Characteristics of Memory
A common metaphor for human memory might be called the "computer file" metaphor. On this metaphor, we store a copy of an idea or experience in a file, which we can later retrieve and reexamine. There are several problems with this view.
Memories are accessed by content.
First of all, the natural way of accessing records in a computer is by their address in the computer. However, what actually happens in human memory is that we access memories by their contents. Any description that uniquely identifies a memory is likely to be sufficient for recall. Even more interesting, each individual element of the description may be nearly useless by itself, if it applies to many memories; only the combination needs to be unique. Thus
"He bet on sports. He played baseball."
is enough for many people to identify Pete Rose, even through the cues about baseball and betting on sports would not generally be sufficient as cues individually, since each matches too many memories.
Memory fills in gaps.
The computer-file metaphor also misses the fact that when we recall, we often fill in information that could not have been part of the original record. Pieces of information that were not part of the original experience intrude on our recollections. Sometimes these intrusions are misleading, but often enough they are in fact helpful reconstructions based on things we know about similar memories. For example, if we are told that someone has been shot by someone else from a distance of 300 yards, we are likely to recall later that a rifle was used, even though this was not mentioned when we heard about the original event.
Memory generalizes over examples.
A third crucial characteristic of memory is that it allows us to form generalizations. If every apricot we see is orange, we come to treat this as an inherent characteristic of apricots. But if cars come in many different colors, we come to treat the color as a freely varying property. So when we are asked to retrieve the common properties of apricots, the color is a prominent element of our recollection; but no color comes out when we are asked to retrieve the common properties of cars.
Proponents of the computer-file view of memory deal with these issues by adding special processes. Access by content is done by laborious sequential search. Reconstruction is done by applying inferential processes to the retrieved record. Generalization occurs through a process of forming explicit records for the category (e.g., car or apricot).
In PDP systems, these three characteristics of memory are intrinsic to the operation of the memory system.

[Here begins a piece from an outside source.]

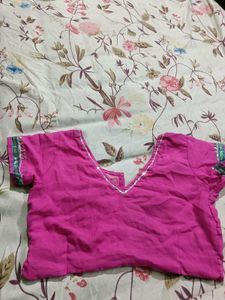 Lace Border Mirror HandWork Pink Saree,&amp; Petticoat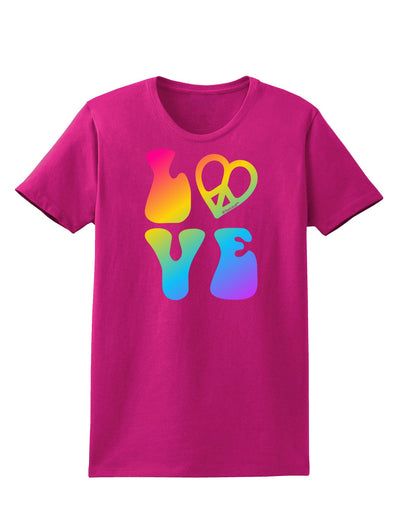 Peace and Love - Peace Heart Love Womens Dark T-Shirt-TooLoud-Hot-Pink-Small-Davson Sales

Characteristics of PDP Systems
A PDP system consists of a large number of neuron-like computing elements called units. Each unit can take on an activation value between some maximum and minimum values, often 1 and 0. In such systems, the representation of something that we are currently thinking about is a pattern of activation over the computing elements. Processing occurs by the propagation of activation from one unit to another via connections among the units. A connection may be excitatory (positive-valued) or inhibitory (negative-valued). If the connection from one unit to another is excitatory, then the activation of the receiving unit tends to increase whenever the sending unit is active. If the connection is inhibitory, then the activation of the receiving unit tends to decrease. But note that each unit may receive connections from many other units. The actual change in activation, then, is based on the net input, aggregated over all of the excitatory and inhibitory connections.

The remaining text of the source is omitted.